Don’t Touch Terraform Before Avoiding These 5 Rookie Mistakes

Published: (December 6, 2025 at 10:48 AM EST)
4 min read
Source: Dev.to

Source: Dev.to

🌟 Introduction

Welcome back, Devs!

A few weeks ago, I shared 5 Best Security Practices for Terraform. That guide was aimed at folks who already work with Terraform day in and day out — managing infra at scale, reviewing modules, and pushing changes through CI/CD pipelines.

But what about the beginners?

The ones who have just wrapped up the basics of DevOps — Linux, Networking, Docker, Git — and are now stepping into the cloud world. For them, Infrastructure as Code can feel intimidating at first. Terraform looks simple from the outside, but when you start writing configurations, the learning curve hits hard. IaC is a tough nut to crack initially.

So to make your journey smoother and confusion‑free, let’s break down the Top 5 Mistakes Beginners Make While Learning Terraform — and how you can avoid them.

Without further ado… let’s get started!

🌟 Before We Dive In… Do This First

Make sure you’ve got Terraform installed on your system. Nothing makes sense unless you can run terraform init and terraform apply.

Since I’m an AWS Community Builder, I usually stick to AWS for demos. To follow along, you’ll need to connect Terraform to your AWS account. You can do that in two ways:

  1. Export AWS credentials directly in your terminal

    export AWS_ACCESS_KEY_ID=YOUR_KEY_ID
    export AWS_SECRET_ACCESS_KEY=YOUR_SECRET_KEY

    Works fine, but not the best option for long‑term use.

  2. Install the AWS CLI (recommended) – cleaner, more secure, and lets you manage multiple profiles easily.

    aws configure

    Create an IAM user with the appropriate permissions and run the command above.

Once your CLI and AWS credentials are set, you’re ready to explore the mistakes beginners make and how to avoid them.

❌ Mistake 1: Treating Terraform Like a Scripting Tool

Most newcomers have already touched a programming language—Python, Go, Bash, etc.—and assume Terraform will behave the same way:

“I wrote line 1 first, so Terraform will execute that first… right?”

No. Terraform is declarative, not imperative. It does not run your code line‑by‑line and it doesn’t care about the order you wrote resources.

Terraform reads all resources, builds a dependency graph, and determines the execution order based on actual dependencies, not line numbers.

Moral: With Terraform you declare what you want (e.g., an EC2 instance, a VPC, a security group) and let Terraform figure out how to create it.

❌ Mistake 2: Hardcoding Everything Instead of Using Variables

The official Terraform docs often show examples with hardcoded values (region, AMI ID, instance type, etc.). That’s fine for a quick test, but once you move beyond a toy project, hardcoding becomes a liability.

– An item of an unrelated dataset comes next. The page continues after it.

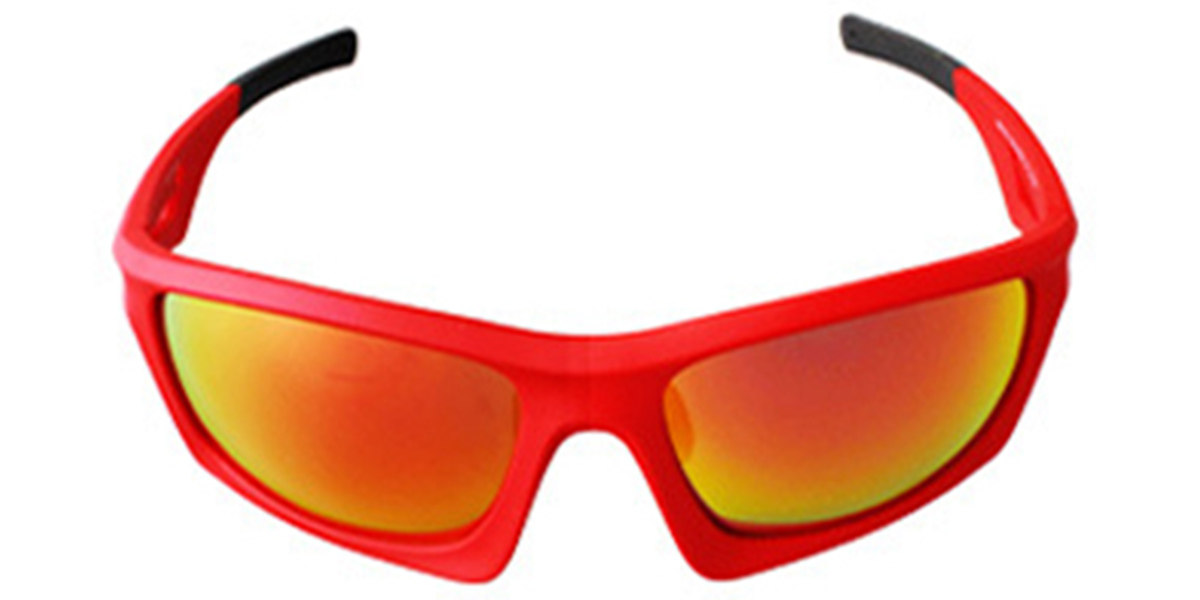 Rectangle Sunglasses red+mirrored_red_polarized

Why Hardcoding Is a Problem

  • Replicating environments requires manual edits to every resource.
  • Small changes become time‑consuming and error‑prone.

The Fix: Use Variables

Store configurable values in a variables.tf file and reference them throughout your code.

variable "instance_type" {
  description = "EC2 instance type"
  type        = string
  default     = "t2.micro"
}

Now you can change the instance type in one place, and Terraform will propagate the change everywhere it’s used.

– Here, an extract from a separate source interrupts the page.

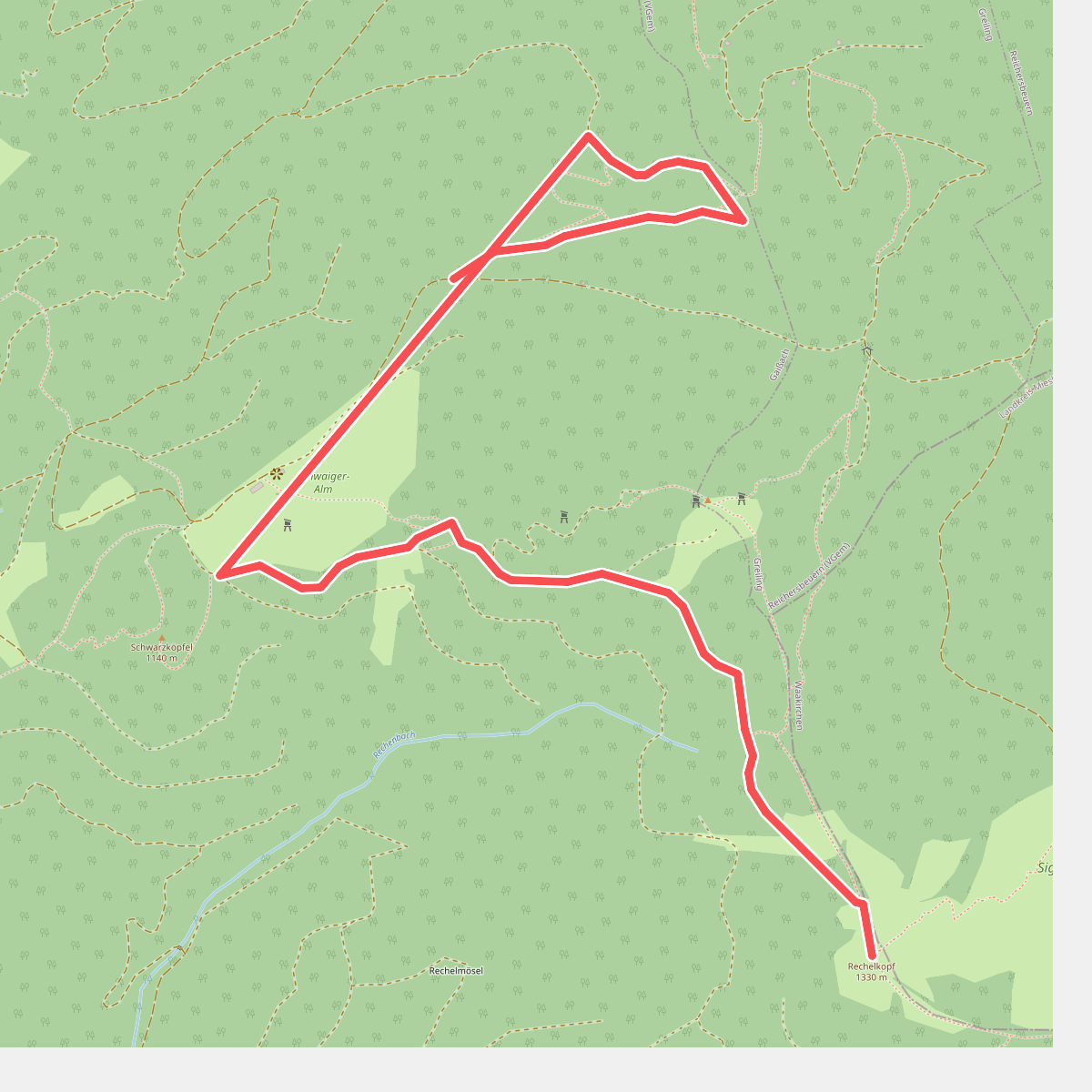 Wanderweg G 5 - Isarwinkel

❌ Mistake 3: Mixing Manual Changes Through the AWS Console

Terraform maintains a state file (terraform.tfstate) that represents the current reality of your infrastructure. Making manual changes in the AWS Console creates drift—a mismatch between what exists and what Terraform thinks exists.

Consequences of Drift

  • Terraform may try to recreate or delete resources unexpectedly.
  • Debugging becomes significantly harder, especially for beginners.

Best Practice

If you provision resources with Terraform, always update or delete them with Terraform.

Treat Terraform as the single source of truth; avoid “ClickOps” shortcuts.

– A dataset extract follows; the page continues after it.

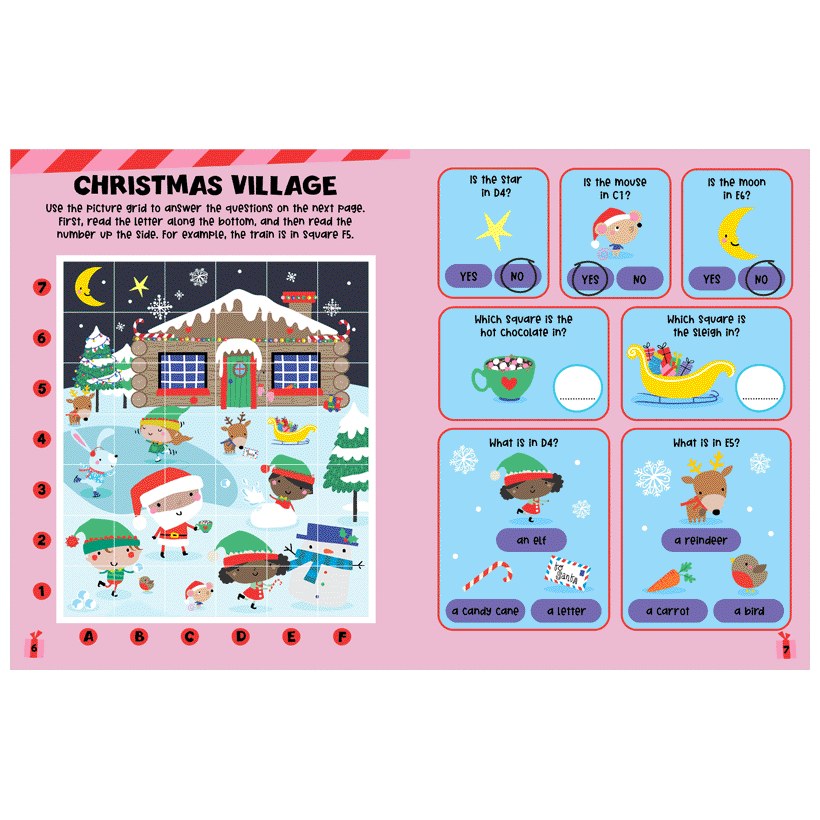 Product image 2 of Jolly Santa Activity Book, a sticker activity book for ages 4+, by Make Believe Ideas.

❌ Mistake 4: Ignoring Terraform Resource Dependencies

Terraform automatically builds a dependency graph, but it can’t infer relationships when resources lack explicit references. Common scenarios where Terraform may get the order wrong:

  • Applying an S3 bucket policy before the bucket exists.
  • Attaching an IAM role before the role itself is created.
  • Creating a Lambda permission before the Lambda function is ready.

The Fix: Use depends_on

When implicit dependencies aren’t enough, use the depends_on meta‑argument to enforce ordering.

resource "aws_s3_bucket_policy" "example" {
  bucket = aws_s3_bucket.example.id
  policy = data.aws_iam_policy_document.example.json

  depends_on = [aws_s3_bucket.example]
}

Explicitly declaring dependencies ensures Terraform creates resources in the correct order.

❌ Mistake 5: Not Using Modules for Reusability

(If you have a fifth mistake in the original article, include it here; otherwise, omit this section.)


By keeping these five pitfalls in mind—and applying the fixes above—you’ll avoid the most common roadblocks that trip up Terraform beginners. Happy provisioning!